I’m sorry, I don’t buy the scary, emotional rhetoric. Why? Because I am one of an apparent minority who is not just happy—but delighted—that foreign investors with dollars to spare think the USA is the one of the safest, most stable places in the world to invest their money.
Ten (or so) years ago, Milton Friedman explained it this way:
It is a mystery to me why... it is regarded as a sign of Japanese strength and American weakness that the Japanese find it more attractive to invest in the U.S. than Japan. Surely it is precisely the reverse - a sign of U.S. strength and Japanese weakness.
[When I added that quote to my favorite quotes file, I neglected to record the source book or article. Dopey me. Trust me though, I didn't make it up.]
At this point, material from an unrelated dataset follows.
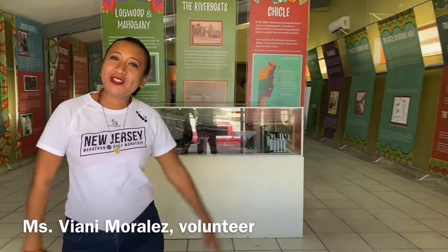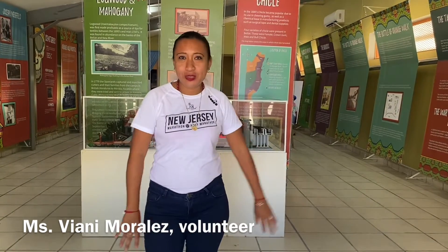Good morning everyone! Welcome to the Pankitas House of Culture. We are here today to make a salad tapestry to have here for exhibition.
A beautiful friendship: Why “foreigners” buy T-bonds
When a “foreigner” buys a US Treasury bond, that person is in effect saying:
“Uncle Sam, here’s a little loan. I’ll trust you to keep inflation under control instead of allowing it to cheat me out of my principal. I’ll also trust you to continue growing your economy (and therefore your tax receipts, which are 17% of the size of your economy) at least enough to cover the interest you promised to pay me. True, your interest payments will grow; but so will your tax receipts, and that means your interest payments should safely stay right around 10 percent of your tax receipts. And if you fulfill the trust I’m placing in you, guess what I’ll do when the time comes for you to pay me back my principal? Right! I’ll use that principal repayment to reinvest in yet another one of your bonds. I’ll continue rolling my principal over and over that way, as long as you continue controlling inflation and growing your economy. In short, to paraphrase Humphrey Bogart: This is the continuation of a beautiful friendship.”
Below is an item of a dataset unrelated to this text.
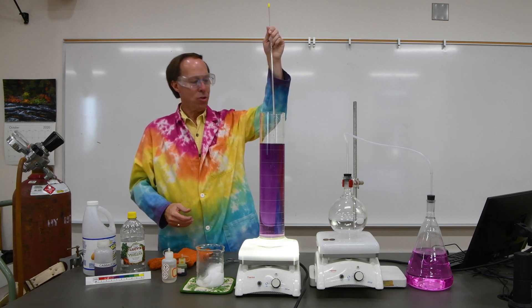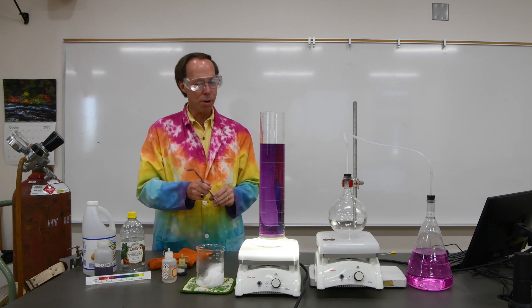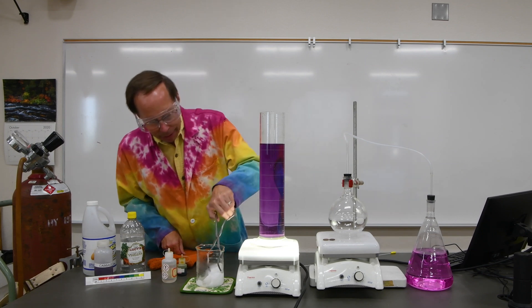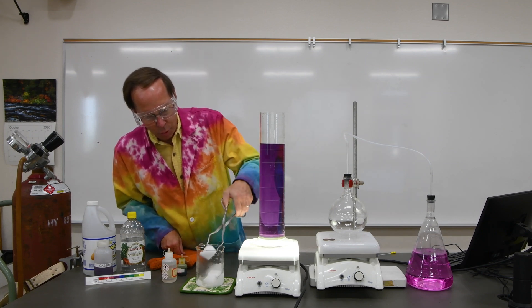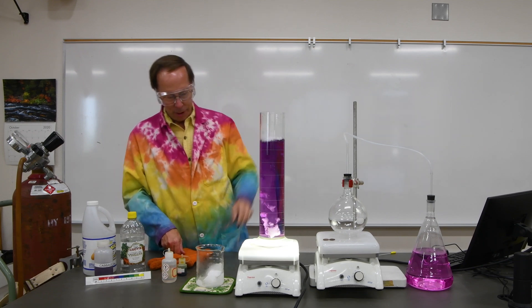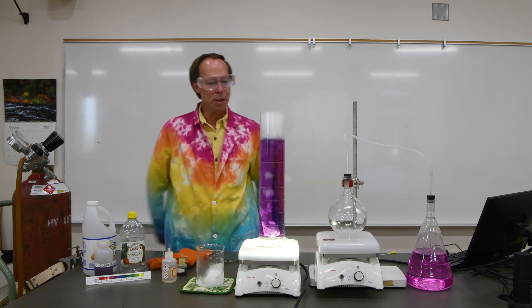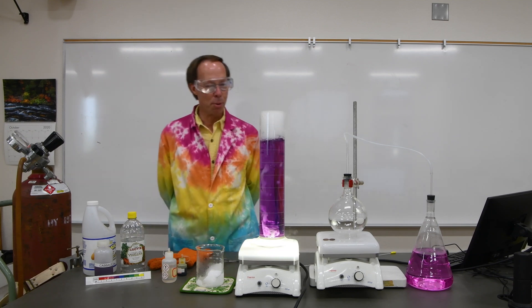Dry ice is simply frozen carbon dioxide. And when carbon dioxide dissolves in water it forms carbonic acid. So let's go ahead and put a piece of dry ice into our container here and watch as the pH slowly drops and the colors begin to change. It starts out with a lovely purple color.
Note that the T-bond buyer does not have to be a “foreigner”; it could be anybody, of course—you, me, anyone who wants a safe place to invest some money and earn some interest. (To illustrate, go back to the previous paragraph and replace the word “foreigner” with “bond investor.” I bet you're a bond investor, via your money market fund, mutual funds, 401Ks, etc.)
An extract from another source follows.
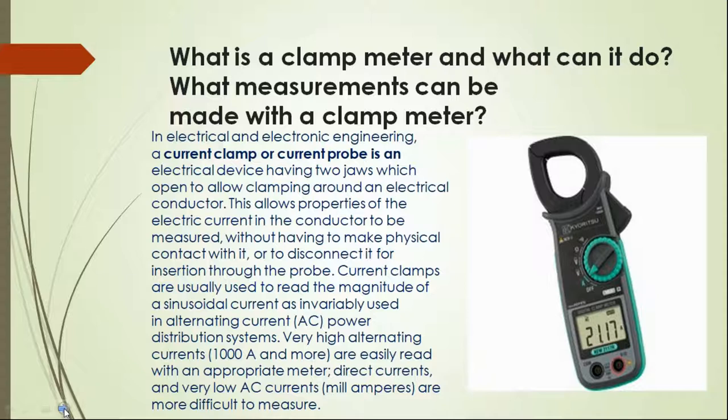Current clamps are usually used to read the magnitude of a sinusoidal current and alternating current also. Very high alternating current, about 100 to 1000 ampere and more, are easily read with an appropriate meter. Direct current and very low AC currents are more difficult to measure.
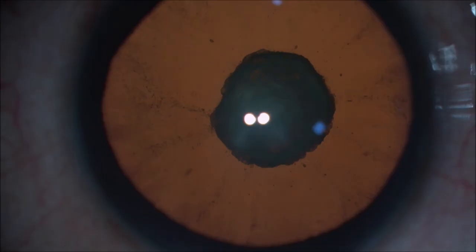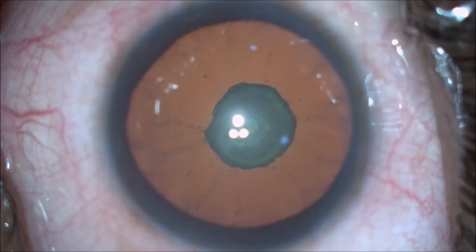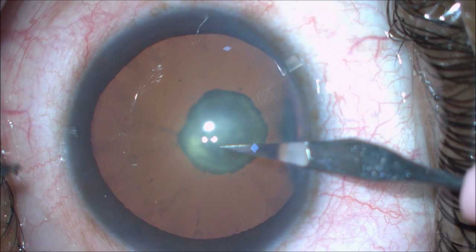Posterior polar cataracts have always been a challenge for surgeons. Posterior polar cataracts are the lens opacities that involve the subcapsular cortex and capsule of the posterior pole of the lens.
So the next time you hear a politician or journalist warning us of impending doom due to foreign debt-holders, send them an email asking a few of the following questions:
You warn of impending doom due to the debt, and to the debt held by foreigners. But if we continue growing our economy enough to more than cover the interest payments, what’s the problem? That’s what’s been happening for nearly two centuries; why can’t it continue? Bond-buyers today are driving interest rates down; that’s the opposite of a “crisis.” The bond buyers apparently love to invest in our safe-haven country—so why are you implying they’re going to gang up on us and dump their bonds all at once, devaluing their own investment in the process? In short, why are you peddling fear? Just maybe, could your motivation be power politics, as opposed to objective economics? Or maybe you’re just trying to sell books?
My bet is on politics as the best explanation for the fear-mongering, with ignorance and xenophobia running a close second and third. In any case, objective economics won’t support the rhetoric.